I missed the part where it said the packets are chinese or japanese style. 

Either way I stopped by the grocery store across the street from work and all they had was the kikkoman bottle linked in this thread and the La choy bottle I have in my house that tastes like wild shit so I bought the kikkoman.

Will test later!


----------



## Sea (Sep 16, 2011)

Soy sauce, yuck. The Chinese place I order from supposedly has good soy sauce.

I drink quarts of duck sauce to prevent dehydration.


----------



## Cheesebuiscut (Sep 16, 2011)

_Thank you, that was a very constructive post. I appreciate it. _


----------



## BigPhi84 (Sep 16, 2011)

Kikkoman (japanese style soy sauce) will taste kinda weird on chinese food at first, especially if you like the soy sauce in those to-go packets.


----------



## Cheesebuiscut (Sep 16, 2011)

Ah, well I'll see the hard way since I already bought a bottle xD

They're all of like 2 smacks so its not a huge loss. Does anyone make anything like what you get in the packets but in a large bottle form? That was kinda the whole point of the thread.


----------



## Cheesebuiscut (Sep 16, 2011)

Yeah your right phi this kikkoman doesn't taste anything like whats in the packets either, its better than the la choy stuff I got but its still not the packet stuff.

Oi...


So referring to my OP does anyone know of anything that tastes like the packets since that's what I was asking about in the first place?


----------



## Hollowway (Sep 16, 2011)

Found a soy sauce you like?
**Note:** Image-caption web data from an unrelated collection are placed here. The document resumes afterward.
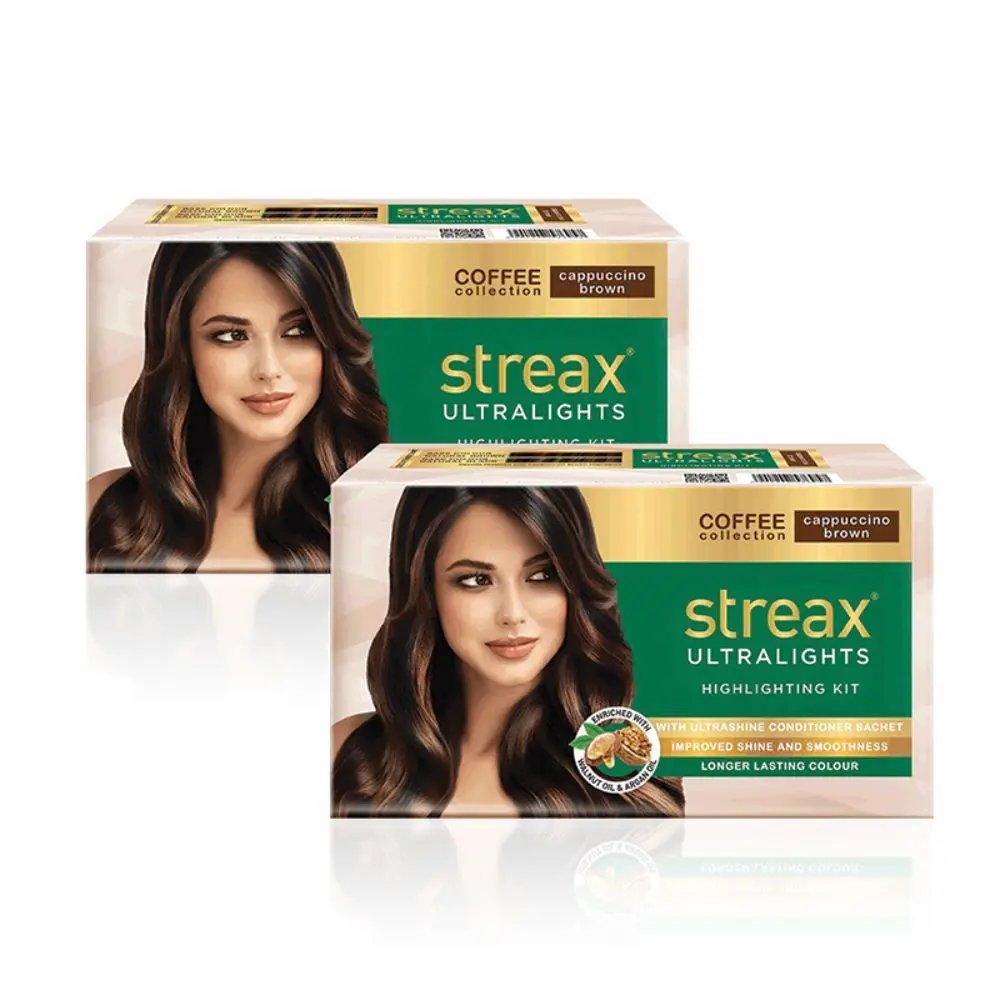 Streax Coffee Collection Ultralights Highlighting Kit - Cappuccion Brown Pack Of 2 160gm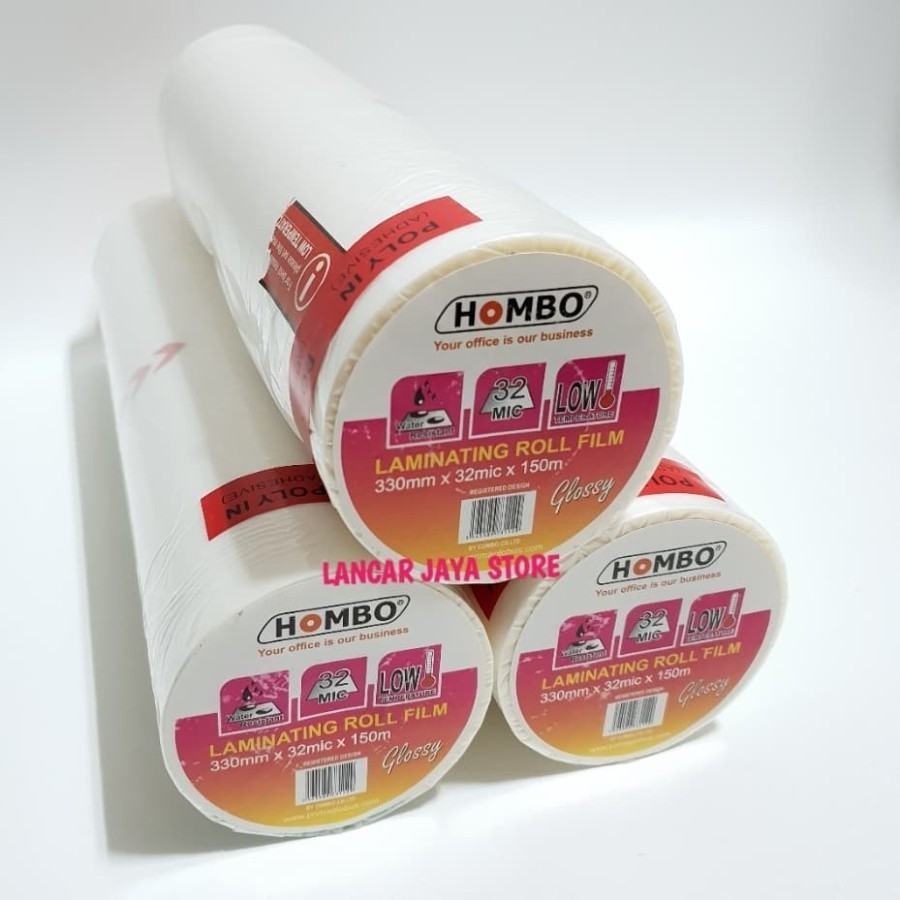 

JH8 Plastik Laminating Hombo Roll Glossy 330mm x 32Mic x 150m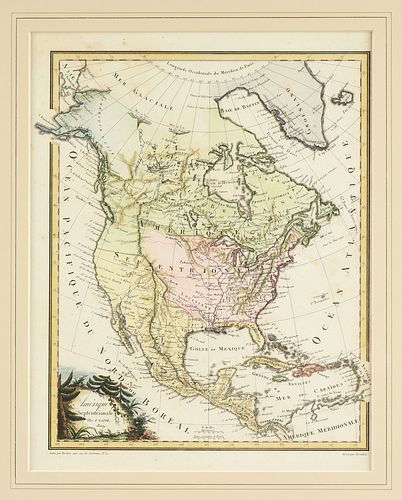 AN ANTIQUE MAP OF NORTH AMERICA, "Amérique Septentrionale," PARIS, CIRCA 1809, 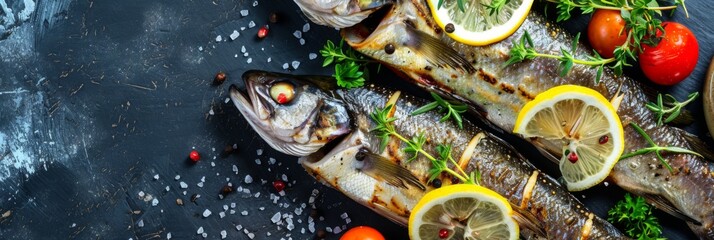 Whole grilled fish with lemon and herbs on dark - Whole grilled fish with lemon slices, herbs and a garnish on a dark textured background - obrazy, fototapety, plakaty
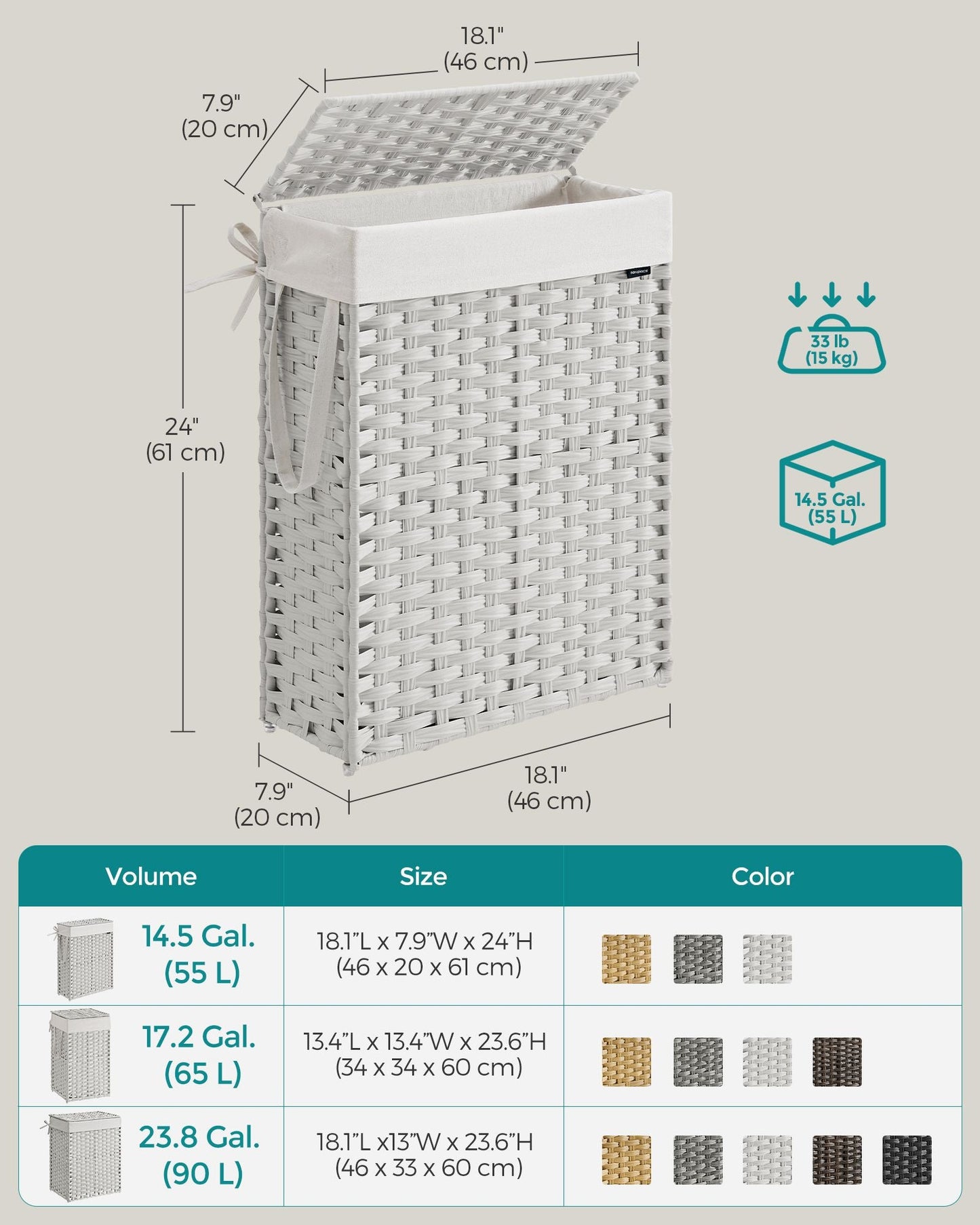 Slim Rattan Laundry Hamper with Lid and Handles, 14.5 Gallon (55L)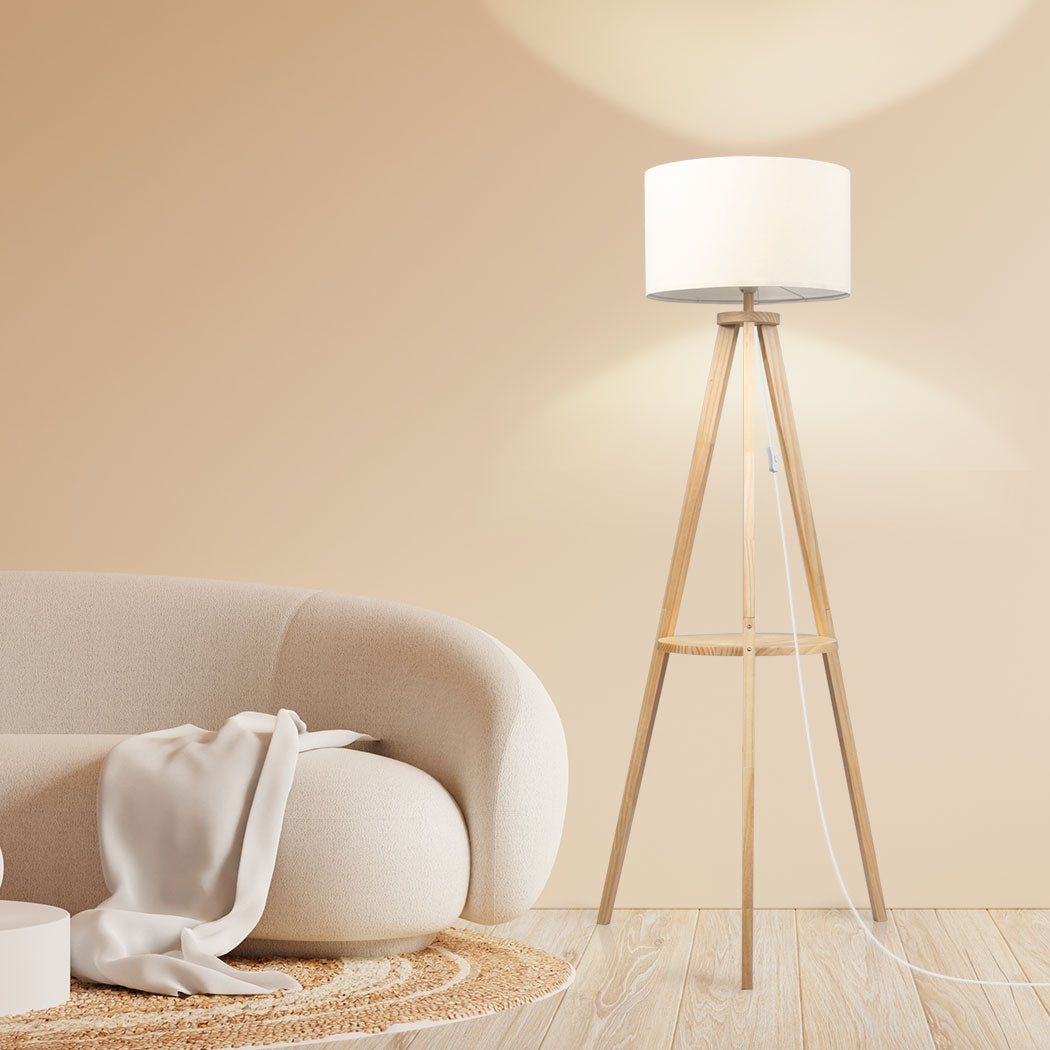 EMITTO Tripod Floor Lamp with Shelf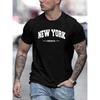 New York Print Men's Round Neck Short Sleeve Tee Fashion Slim Fit T-Shirt Top For Spring Summer Holiday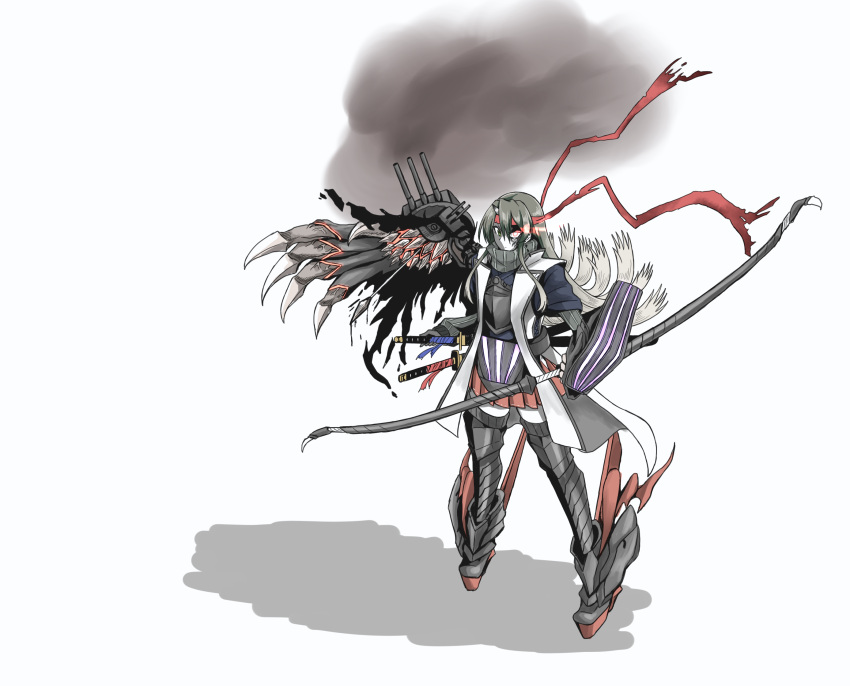 1girl, abyssal_crane_princess, abyssal_ship, boots, bow_(weapon), cannon, dark_green_hair, full_body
Good, now move on... to FISH SAUCE! Nuoc mam is the Vietnamese fish sauce, and I love the stuff. Obviously it's not a replacement. But check that stuff out if you're not partaking already.


----------



## Cheesebuiscut (Sep 16, 2011)

No, I didn't find a soy sauce I like yet... Hence my last post


----------



## BigPhi84 (Sep 16, 2011)

Hollowway said:


> Found a soy sauce you like? Good, now move on... to FISH SAUCE! Nuoc mam is the Vietnamese fish sauce, and I love the stuff. Obviously it's not a replacement. But check that stuff out if you're not partaking already.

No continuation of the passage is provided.